Gold provides enormous freedom and economic independence to investors who trust it, since it lacks counterparty risk, it is not the responsibility of anyone and governments and states cannot do anything to control it, except to adopt extreme measures such as placing it outside of the law.
This is what US President Franklin D. Roosevelt did in 1933 , when he signed Executive Order 6102 , which prohibited the possession of gold in private hands and granted a period of less than one month for citizens to sell their metal to the Government, to a set price.
It is, as we have said, an extreme measure that could hardly be applied today. For this reason, gold investors appreciate the independence that possession of the precious metal gives them, an asset that is recognized worldwide and that is very easy to liquidate.
A recent example is the attempt by the Government of India to control gold imports by increasing the tax burden or imposing regulations, such as the one requiring importers to export as gold jewelry on 20 % of the amount of precious metal imported.
However, these regulations are difficult to enforce and, in practice, gold smuggling has skyrocketed in India. Once the metal is in the form of a jewel or ingot, it is very difficult to tax it.
Flood points out that if central banks in many countries hoard tons of gold in their vaults, it’s for the same reason investors trust it: because it’s independent of any other government.
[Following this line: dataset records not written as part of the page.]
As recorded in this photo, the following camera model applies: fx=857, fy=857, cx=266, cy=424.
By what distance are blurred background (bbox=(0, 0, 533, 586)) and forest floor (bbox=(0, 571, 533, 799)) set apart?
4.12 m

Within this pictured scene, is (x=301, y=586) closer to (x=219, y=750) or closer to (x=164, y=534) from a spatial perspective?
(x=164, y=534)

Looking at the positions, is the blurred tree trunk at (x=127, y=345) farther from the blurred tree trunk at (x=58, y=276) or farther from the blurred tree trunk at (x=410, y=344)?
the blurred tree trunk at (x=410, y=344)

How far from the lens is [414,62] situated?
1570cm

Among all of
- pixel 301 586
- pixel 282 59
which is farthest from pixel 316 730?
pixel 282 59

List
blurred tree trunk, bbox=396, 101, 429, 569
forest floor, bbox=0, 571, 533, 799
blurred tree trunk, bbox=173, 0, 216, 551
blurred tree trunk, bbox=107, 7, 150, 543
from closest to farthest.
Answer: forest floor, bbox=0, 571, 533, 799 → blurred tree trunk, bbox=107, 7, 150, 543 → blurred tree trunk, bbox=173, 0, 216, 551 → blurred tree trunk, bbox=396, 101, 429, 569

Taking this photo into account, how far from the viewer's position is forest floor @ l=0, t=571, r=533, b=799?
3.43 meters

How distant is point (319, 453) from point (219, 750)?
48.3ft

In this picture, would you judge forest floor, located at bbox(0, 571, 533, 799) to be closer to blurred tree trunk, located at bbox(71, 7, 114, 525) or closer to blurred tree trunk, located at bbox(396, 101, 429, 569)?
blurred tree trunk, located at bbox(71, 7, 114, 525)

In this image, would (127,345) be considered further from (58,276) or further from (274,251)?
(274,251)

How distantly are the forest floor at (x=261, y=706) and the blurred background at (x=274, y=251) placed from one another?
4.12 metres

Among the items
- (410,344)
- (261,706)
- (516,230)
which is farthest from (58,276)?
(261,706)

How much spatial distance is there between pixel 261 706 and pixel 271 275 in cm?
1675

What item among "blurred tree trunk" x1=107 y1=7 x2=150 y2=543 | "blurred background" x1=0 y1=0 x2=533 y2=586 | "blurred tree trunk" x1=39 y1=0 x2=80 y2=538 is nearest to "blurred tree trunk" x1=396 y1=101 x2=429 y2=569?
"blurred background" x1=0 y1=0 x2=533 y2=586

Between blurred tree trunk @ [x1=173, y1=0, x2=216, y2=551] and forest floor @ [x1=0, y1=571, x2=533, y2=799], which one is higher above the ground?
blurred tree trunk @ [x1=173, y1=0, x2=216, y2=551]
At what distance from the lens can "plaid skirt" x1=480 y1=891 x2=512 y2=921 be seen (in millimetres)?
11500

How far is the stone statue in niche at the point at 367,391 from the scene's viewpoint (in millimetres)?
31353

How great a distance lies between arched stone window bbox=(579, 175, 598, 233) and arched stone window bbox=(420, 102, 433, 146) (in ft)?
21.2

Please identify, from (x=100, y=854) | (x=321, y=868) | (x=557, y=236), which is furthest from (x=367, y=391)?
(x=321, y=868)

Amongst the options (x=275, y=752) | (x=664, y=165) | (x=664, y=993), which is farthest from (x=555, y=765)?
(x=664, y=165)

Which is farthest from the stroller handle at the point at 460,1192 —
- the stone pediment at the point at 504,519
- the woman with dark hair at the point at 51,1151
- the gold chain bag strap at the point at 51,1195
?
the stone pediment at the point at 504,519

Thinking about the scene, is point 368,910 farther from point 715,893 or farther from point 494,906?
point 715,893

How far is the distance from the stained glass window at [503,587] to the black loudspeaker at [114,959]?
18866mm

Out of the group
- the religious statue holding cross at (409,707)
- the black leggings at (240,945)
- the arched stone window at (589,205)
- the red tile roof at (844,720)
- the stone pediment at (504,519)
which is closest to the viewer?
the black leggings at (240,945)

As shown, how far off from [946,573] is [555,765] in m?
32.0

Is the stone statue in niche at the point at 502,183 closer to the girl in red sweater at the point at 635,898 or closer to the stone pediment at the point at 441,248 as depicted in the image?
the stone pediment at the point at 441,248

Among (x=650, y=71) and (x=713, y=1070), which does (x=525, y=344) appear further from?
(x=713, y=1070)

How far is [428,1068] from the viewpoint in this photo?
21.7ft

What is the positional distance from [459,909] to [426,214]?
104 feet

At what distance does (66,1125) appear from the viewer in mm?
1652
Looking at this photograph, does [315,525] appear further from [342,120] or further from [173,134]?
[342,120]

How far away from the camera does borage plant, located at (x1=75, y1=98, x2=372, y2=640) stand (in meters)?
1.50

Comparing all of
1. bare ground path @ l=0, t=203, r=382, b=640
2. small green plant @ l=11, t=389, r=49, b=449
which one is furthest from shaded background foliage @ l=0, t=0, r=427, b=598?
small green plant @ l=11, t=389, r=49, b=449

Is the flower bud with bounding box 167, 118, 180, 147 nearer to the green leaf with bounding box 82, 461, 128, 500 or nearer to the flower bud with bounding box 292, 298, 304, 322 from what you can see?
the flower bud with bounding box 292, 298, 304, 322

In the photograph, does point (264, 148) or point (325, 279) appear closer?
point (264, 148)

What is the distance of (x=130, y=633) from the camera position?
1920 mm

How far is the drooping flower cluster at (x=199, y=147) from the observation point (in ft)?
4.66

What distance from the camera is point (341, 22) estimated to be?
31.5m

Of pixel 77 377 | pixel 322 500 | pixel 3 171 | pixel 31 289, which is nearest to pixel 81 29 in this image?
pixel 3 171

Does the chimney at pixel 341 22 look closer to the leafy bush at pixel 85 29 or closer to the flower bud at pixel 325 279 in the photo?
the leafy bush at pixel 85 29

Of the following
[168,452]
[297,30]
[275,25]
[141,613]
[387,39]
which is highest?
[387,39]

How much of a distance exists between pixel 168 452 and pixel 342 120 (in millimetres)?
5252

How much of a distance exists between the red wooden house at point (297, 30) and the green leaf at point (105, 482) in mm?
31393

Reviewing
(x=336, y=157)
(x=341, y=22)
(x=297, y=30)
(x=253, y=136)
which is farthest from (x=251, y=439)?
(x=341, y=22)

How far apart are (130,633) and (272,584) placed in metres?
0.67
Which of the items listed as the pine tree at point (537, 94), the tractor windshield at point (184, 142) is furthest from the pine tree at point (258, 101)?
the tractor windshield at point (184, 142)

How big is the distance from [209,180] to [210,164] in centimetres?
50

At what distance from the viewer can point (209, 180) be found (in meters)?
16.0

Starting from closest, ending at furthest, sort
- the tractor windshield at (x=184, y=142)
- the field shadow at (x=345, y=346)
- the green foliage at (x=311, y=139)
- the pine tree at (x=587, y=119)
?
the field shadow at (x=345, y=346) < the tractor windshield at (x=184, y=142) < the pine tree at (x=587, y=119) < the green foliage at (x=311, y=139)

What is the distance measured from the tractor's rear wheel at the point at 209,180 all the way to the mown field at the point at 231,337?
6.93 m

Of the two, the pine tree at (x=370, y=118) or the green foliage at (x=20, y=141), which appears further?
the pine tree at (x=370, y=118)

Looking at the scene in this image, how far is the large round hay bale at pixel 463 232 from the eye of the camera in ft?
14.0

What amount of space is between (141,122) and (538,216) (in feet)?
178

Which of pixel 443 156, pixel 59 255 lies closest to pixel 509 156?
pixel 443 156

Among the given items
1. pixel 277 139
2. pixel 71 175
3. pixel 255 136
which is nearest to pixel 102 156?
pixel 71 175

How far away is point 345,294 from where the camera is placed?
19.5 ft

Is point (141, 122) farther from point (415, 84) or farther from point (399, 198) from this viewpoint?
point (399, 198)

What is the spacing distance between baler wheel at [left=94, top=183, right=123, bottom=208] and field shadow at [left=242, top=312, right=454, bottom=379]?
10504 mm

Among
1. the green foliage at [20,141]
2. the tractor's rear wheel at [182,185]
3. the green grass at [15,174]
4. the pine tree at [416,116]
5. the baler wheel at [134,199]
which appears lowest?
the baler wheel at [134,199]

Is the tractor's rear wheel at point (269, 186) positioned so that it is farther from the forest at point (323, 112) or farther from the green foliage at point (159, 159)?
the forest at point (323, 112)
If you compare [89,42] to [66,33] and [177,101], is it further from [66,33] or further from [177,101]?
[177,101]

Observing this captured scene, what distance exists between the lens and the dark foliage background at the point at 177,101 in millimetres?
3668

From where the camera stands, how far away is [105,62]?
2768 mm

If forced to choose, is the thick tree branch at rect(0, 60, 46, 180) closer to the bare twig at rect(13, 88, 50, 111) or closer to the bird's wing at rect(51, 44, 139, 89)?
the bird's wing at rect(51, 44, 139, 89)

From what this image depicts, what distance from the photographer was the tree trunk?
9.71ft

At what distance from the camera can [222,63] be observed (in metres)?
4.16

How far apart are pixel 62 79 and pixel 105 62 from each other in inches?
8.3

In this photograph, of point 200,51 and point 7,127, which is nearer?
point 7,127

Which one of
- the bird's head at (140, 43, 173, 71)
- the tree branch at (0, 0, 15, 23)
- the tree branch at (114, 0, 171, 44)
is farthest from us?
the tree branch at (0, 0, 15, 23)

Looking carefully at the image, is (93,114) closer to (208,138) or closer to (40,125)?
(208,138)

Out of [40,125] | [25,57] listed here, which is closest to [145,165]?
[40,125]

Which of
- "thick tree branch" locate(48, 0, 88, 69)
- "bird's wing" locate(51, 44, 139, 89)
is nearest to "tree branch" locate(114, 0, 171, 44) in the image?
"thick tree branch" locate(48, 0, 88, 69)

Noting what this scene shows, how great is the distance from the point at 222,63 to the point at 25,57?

1.- Gold is more difficult to track and tax than fiat currencies
The laws of the countries state that all taxes must be paid in fiat currencies (issued by the respective governments and backed by trust in their central bank). Therefore, it is not possible to use physical gold and silver for these payments or to pay debt.
As Stephen Flood explains, through a long series of decisions taken between 1921 and 1971, and faced with the excessive growth of public spending by politicians, the governments of Western countries opted for interference and redistribution instead of letting let capitalism act freely.
2.- Millionaire bailouts cannot be faced with a currency linked to a gold standard
Industries heavily regulated by governments, such as financial institutions, cannot bail out of bankruptcy without a fiat currency, which can be imprinted with infinite signature, without being tied to a gold standard or other constraining factor.
When these types of heavily regulated companies go bankrupt, the government of the day has the responsibility of bailing them out. Thus, during the decade of the 30s of the last century, there was a generalized banking crisis, due to the fact that the governments applied the wrong policy to face liquidity problems.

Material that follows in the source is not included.